The ASX-listed company would undertake a one-for-one entitlement offer, priced at 0.5c, to raise the capital. For every one new share subscribed, Sundance would also issue one free new option, which would be exercisable at 0.6c each, on or before the end of August 2017.
The company pointed out that the entitlement offer price represented a 29% discount to the closing price on January 29, and a 17% discount to the theoretical ex-rights price of 0.6c a share.
A maximum of about 3.3-million new shares and 3.3-million new options would be issued under the offer, which has been partially underwritten by Pattersons Securities for an amount of A$13.25-million.
The funds raised would be used to maintain relationships with the governments of Cameroon and the Republic of Congo (RoC), where Sundance was developing its flagship Mbalam-Nabeba iron-ore project.
Sundance CEO Giulio Casello said that the funding would also assist the government of Cameroon to progress the signing of an engineering, procurement and construction (EPC) contract for the construction of the port and rail infrastructure for the Mbalam-Nabeba project, after the signing of the EPC contract was postponed in January, as market conditions deteriorated.
Sundance would also continue the process of negotiating and then agreeing to the terms of an equity investment in the mine infrastructure.
Furthermore, funds from the entitlement issue would be used to pay David Porter A$500 000 in cash and a portion of the proceeds received from the entitlement offer, in accordance with a settlement reached between the parties in January this year.
The Supreme Court of Western Australia in December ordered Sundance to pay damages of more than A$5-million to Porter in lieu of the grant of 10-million options. Porter and Absolute Analogue also in 2013 launched a separate case against Sundance, in relation to the issue of 30-million shares, which had now been settled for a total amount of A$11.5-million.
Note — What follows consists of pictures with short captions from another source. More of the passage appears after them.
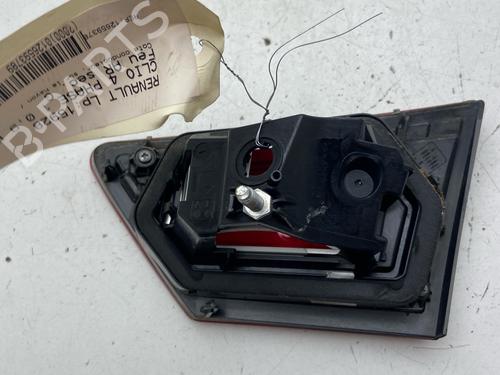 Venstre baglygte bagklap Venstre baglygte bagklap RENAULT CLIO IV (BH_) 0.9 TCe 90 (BHNF, BHMA, BHMH, BHJK, BHJR) (90 hp) 36954463 36954463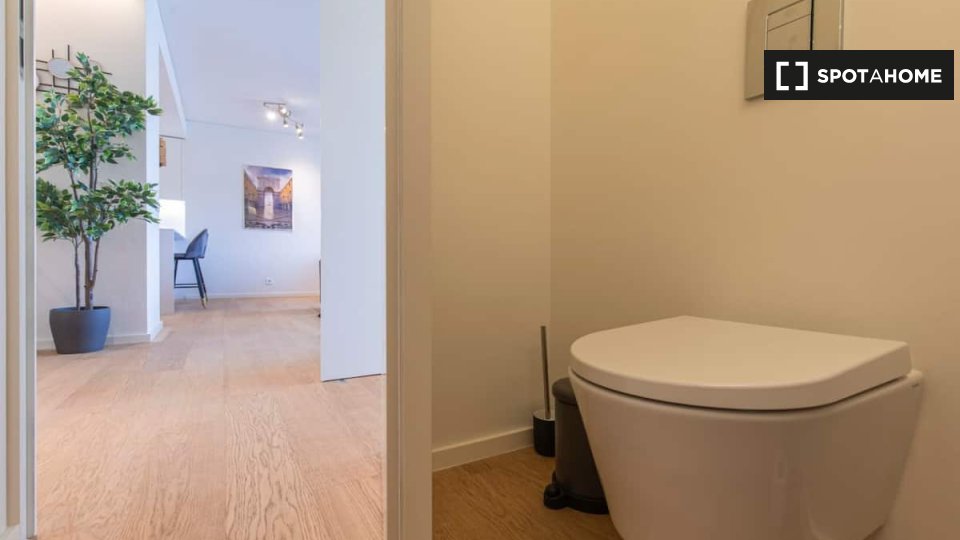 Apartment Lisbon, 2 beds — photo 10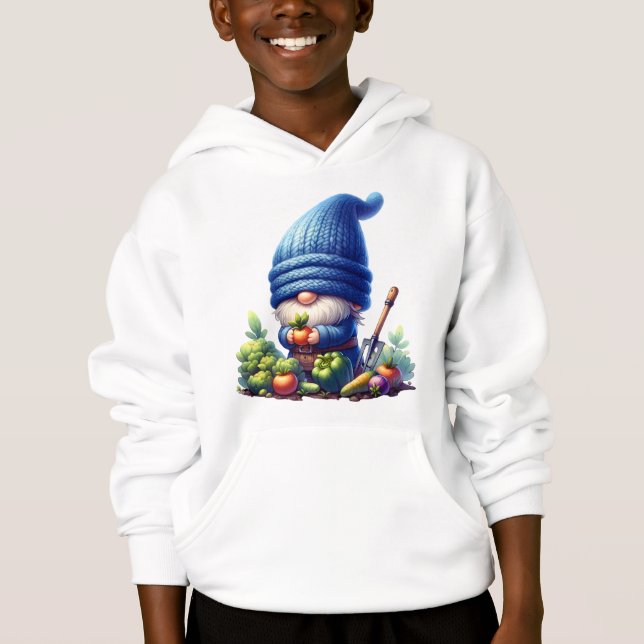 Lycklig Garden Gnome Growing Vegetables in a Mysig T Shirt (Framsida)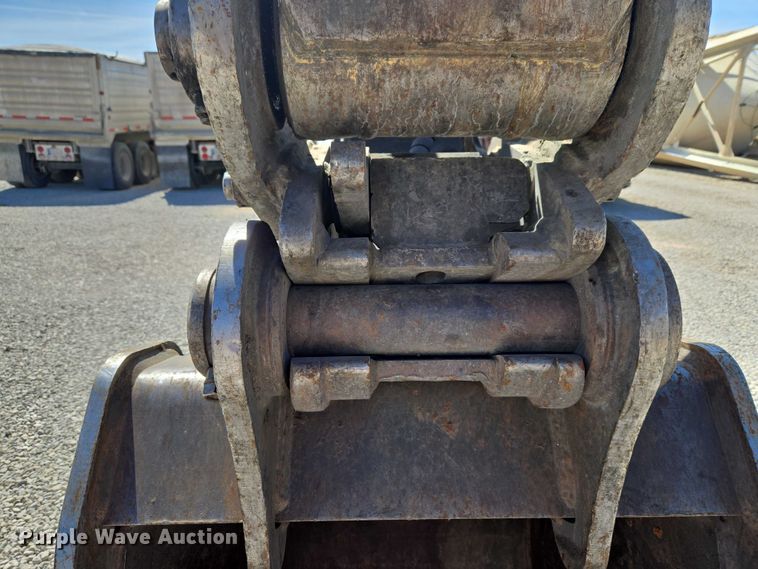 image for item ET1465 2015 John Deere 245G LC excavator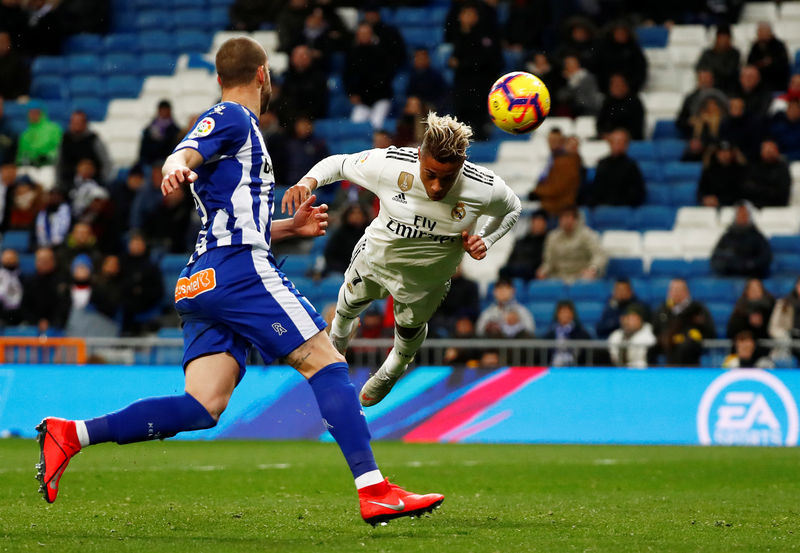 © Reuters. Mariano Díaz del Real Madrid anota el tercer gol de su equipo contra el Deportivo Alavés por La Liga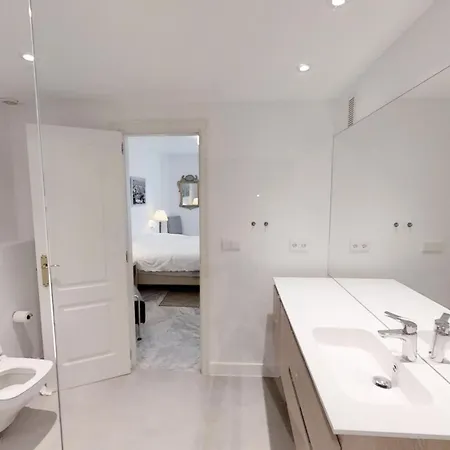 Modern Coastal Near Puerto Banus *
“The company’s circumstances have been impacted significantly by the EPC contract postponement and the Porter litigation. However, we are pleased that we have been able to develop a plant that, with the support of our shareholders, noteholders and Mr Porter, will allow the company to continue to operate and ultimately realise the potential of our project for all our stakeholders here and in Cameroon and Congo,” Casello said.
Due to the delay in the EPC contract, Sundance had announced a number of cost reduction measures, which included the reduction in the remuneration and the size of the board, as well as a significant scale-back of employees, overheads and activities in Perth, Cameroon and the RoC.
The company was targeting an 80% reduction in its previously planned spend.